If this comes as a shock to you, you're not alone. But it turns out, it's one of the most solid findings in this field, demonstrated in study after study.

And the numbers are significant: for every older brother a man has, his chances of being gay increase by one third. Older sisters make no difference, and there's no corresponding effect for lesbians. A first-born son has about a 2 percent chance of being gay, and the numbers rise from there. The theory is it happens in the womb.

"Somehow, the mother's body is remembering how many boys she's carried before," says Breedlove. "The favorite hypothesis is that the mother may be making antibodies when she sees a boy the first time, and then affect subsequent boys when she carries them in utero."
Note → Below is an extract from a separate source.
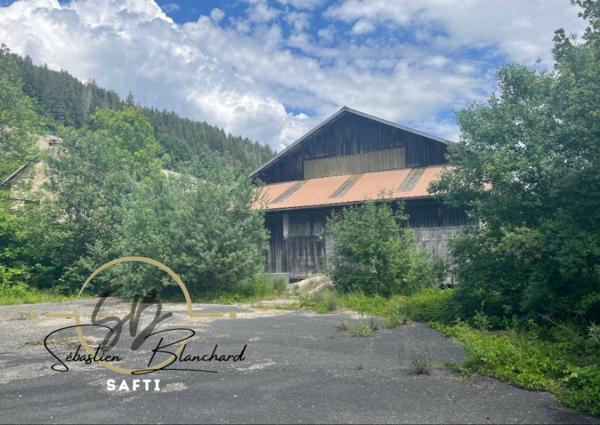 Bâtiment Industriel avec 16 000 m² de Terrain Constructible en Zone Industrielle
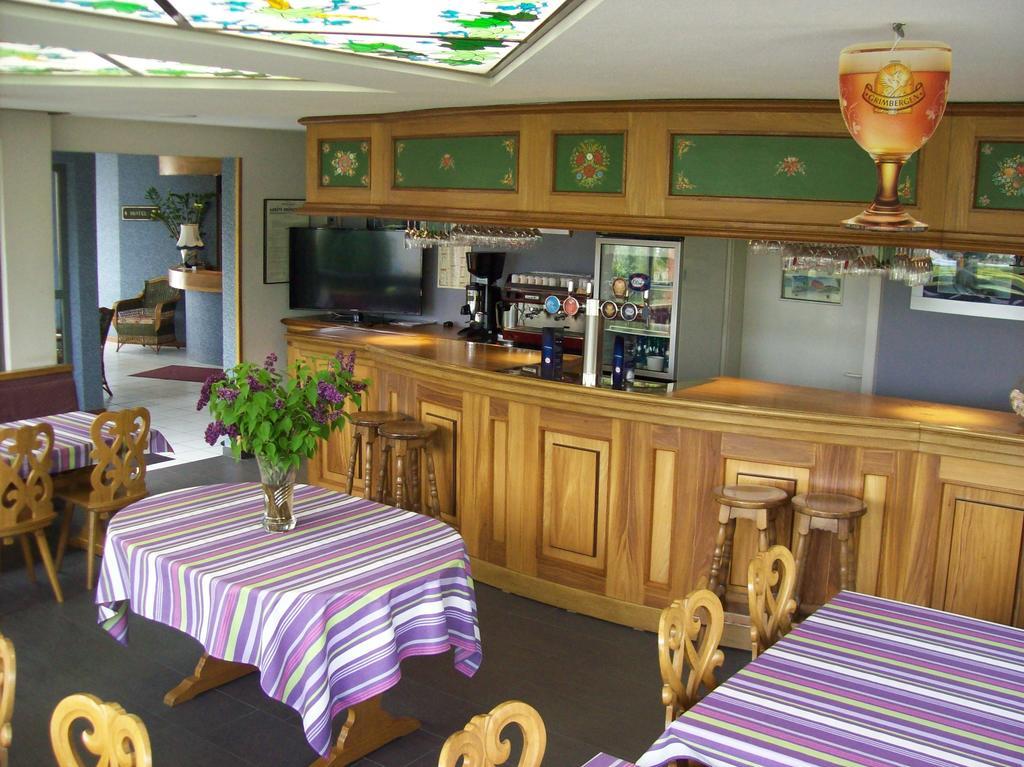 Hotel Restaurant La Tour Romaine - Haguenau - Strasbourg Nord Schweighouse-sur-Moder Eksteriør bilde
Beyond the hormone levels, looks like there might be other things like the mother's immune system that affects how children turn out. Anyway that you look at it, eugenics and genetic manipulation by itself does not allow you to change all the characteristics of humans that we would think of as natural born. It is going to be interesting to see what science will find out about the root causes of these characteristics.